Candidate to head Library of Congress pledges modernization

President Obama's choice to lead the Library of Congress told lawmakers that she planned to lead a technological transformation of the institution.

Carla Hayden. Photo credit: Enoch Pratt Free Library

Dr. Carla Hayden, President Obama's choice to head the Library of Congress, says she is prepared to lead the institution into the digital future.

By all accounts, the world's largest library needs leadership prepared for the digital age. President Barack Obama's Librarian of Congress nominee, Dr. Carla Hayden, told the Senate Rules Committee on April 20 that she was up to the challenge.

In a statement accompanying Hayden's nomination, Obama said that she "has devoted her career to modernizing libraries so that everyone can participate in today's digital culture."

The Library of Congress boasts more than 162 million items in its 10 terabyte catalogue of data, but Sen.
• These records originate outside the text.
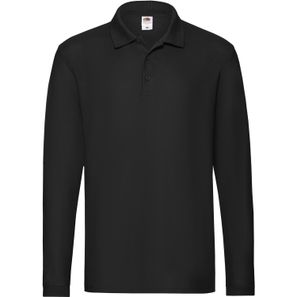 Erwachsene Polo-Shirt Premium Long Sleeve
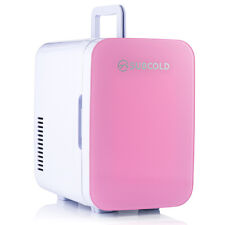 Subcold Pink Mini Fridge Portable 6L Cooler/Warmer Ultra6 | As-New Condition
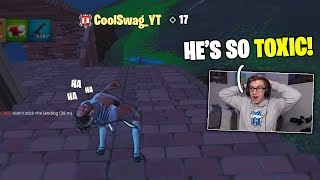I Spectated the MOST TOXIC Mobile Player EVER! (so toxic)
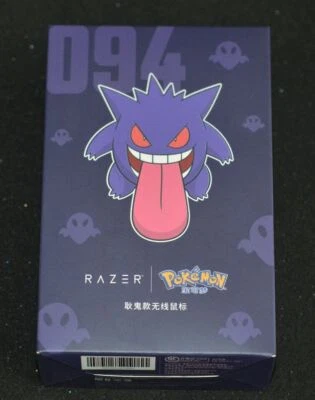 Razer x Pokémon Gengar Edition Orochi V2 Wireless BT Gaming Mouse - Bild 1 von 4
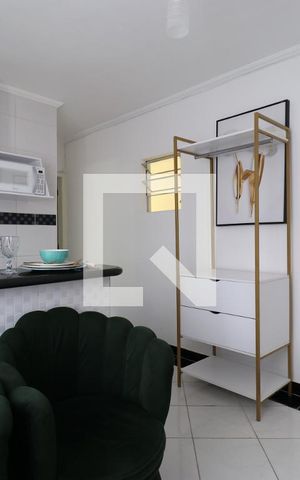 Apartamento para alugar com 45m², 1 quarto e sem vagaSala/Cozinha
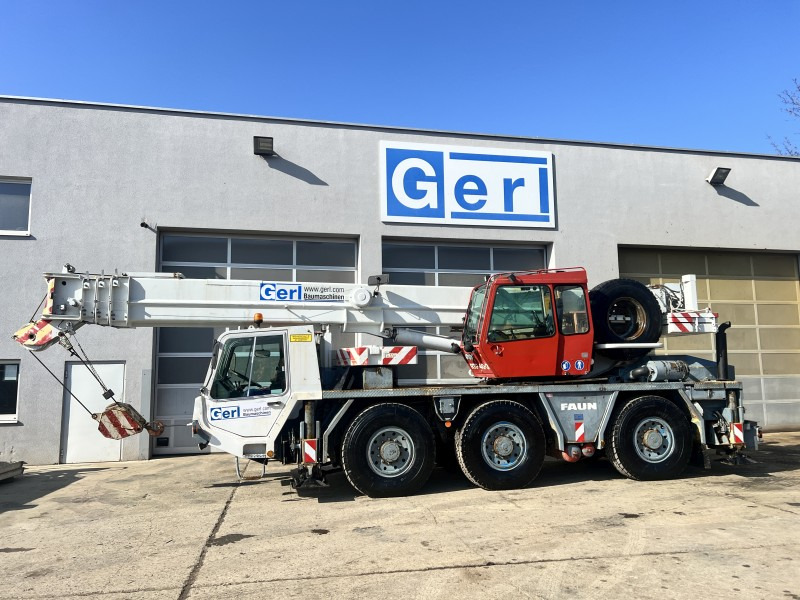 Faun RTF 40-3 (111145) - Allterrengkran: bilde 1 Faun RTF 40-3 (111145) - Allterrengkran: bilde 1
Roy Blunt (R-Mo.) said the library is "struggling to adapt to a new century" and risks degradation to some of the massive collection without IT upgrades.

Hayden, whose resume includes a term as president of the American Library Association and the 1995 National Librarian of the Year Award, is currently the CEO of the Enoch Pratt Free Library of Baltimore, where she oversaw and helped raise money for a $114 million upgrade that digitized the collection and increased access to computers and e-readers. 
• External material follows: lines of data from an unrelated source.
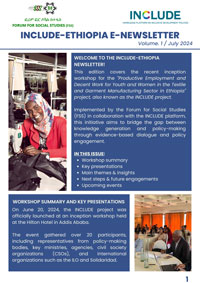 Include-Ethiopia E-Newsletter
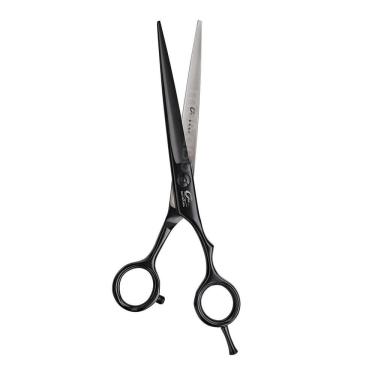Imagem de Tesoura Profissional Umi Fio Laser SK6-60Y Preta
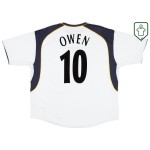 Camiseta retro visitante hombre Liverpool 2001/03 Owen #10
Her nomination means a return to having a librarian in the post. The job's two previous occupants -- James H. Billington, whose tenure spanned 1987-2015, and Daniel Boorstein, librarian from 1975-1987, were renowned scholars but not professional information specialists.
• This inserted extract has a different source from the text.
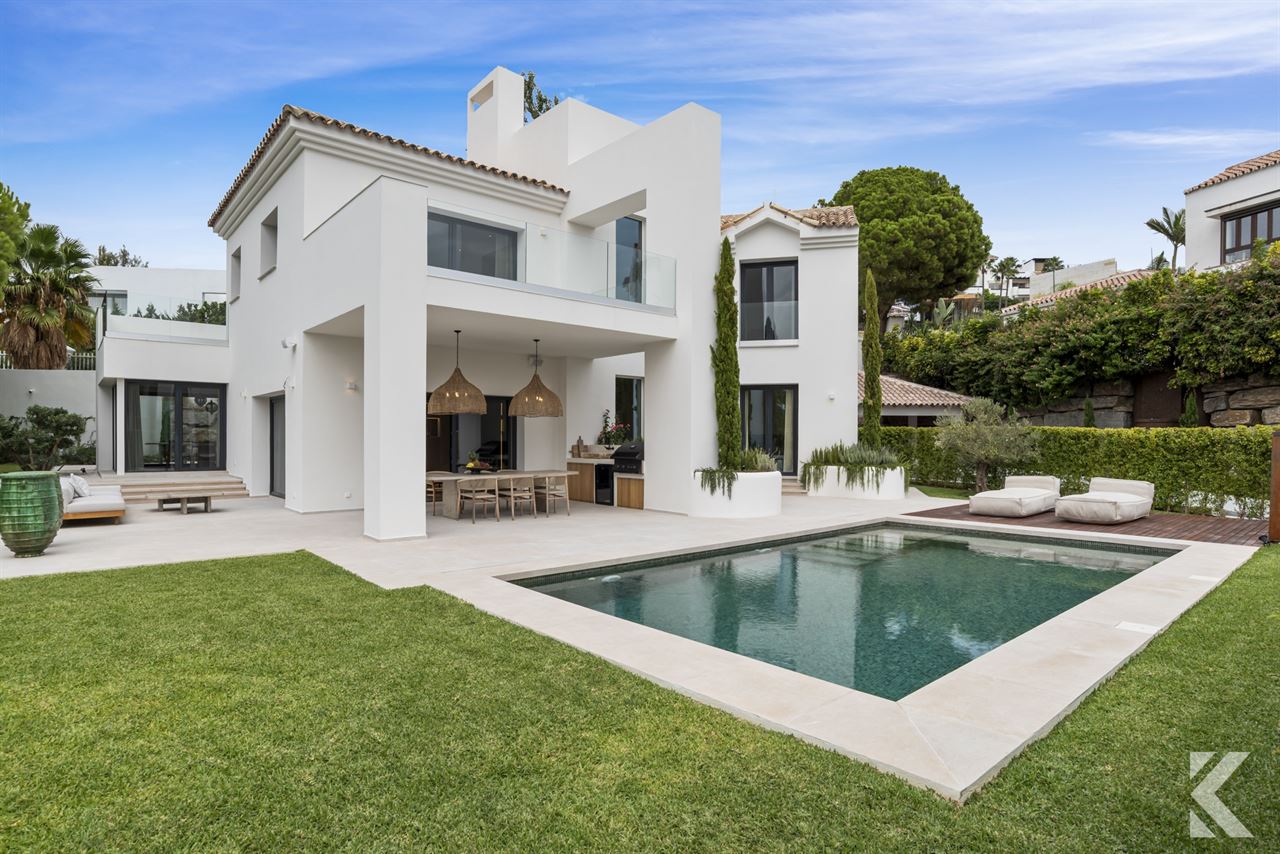 Exclusieve villa nabij Marbella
Hayden, 63, said that modernizing access to the Library of Congress and putting its collections online "will help libraries across the country" by reinforcing the necessity of their collections and making it so anyone with Internet access has equal access to the information the Library of Congress has to offer.

Hayden also stressed the necessity of improving the copyright system, a suboptimal, decade-old system that has been taken offline by equipment failures. Artists "must be able to promptly register," she said, "and the copyright office must be innovative and efficient."

Hayden also mentioned looking forward to working with the Library's CIO, Bernard Barton, saying he had assured her "technology will not be a problem."

After Billington's retirement, Congress instituted a 10-year term limit -- with the possibility for reappointment -- on future Librarians of Congress. If confirmed, Hayden would be the 14th Librarian of Congress since 1800, but the first under the new term limit, as well as the first woman and first African-American Librarian of Congress.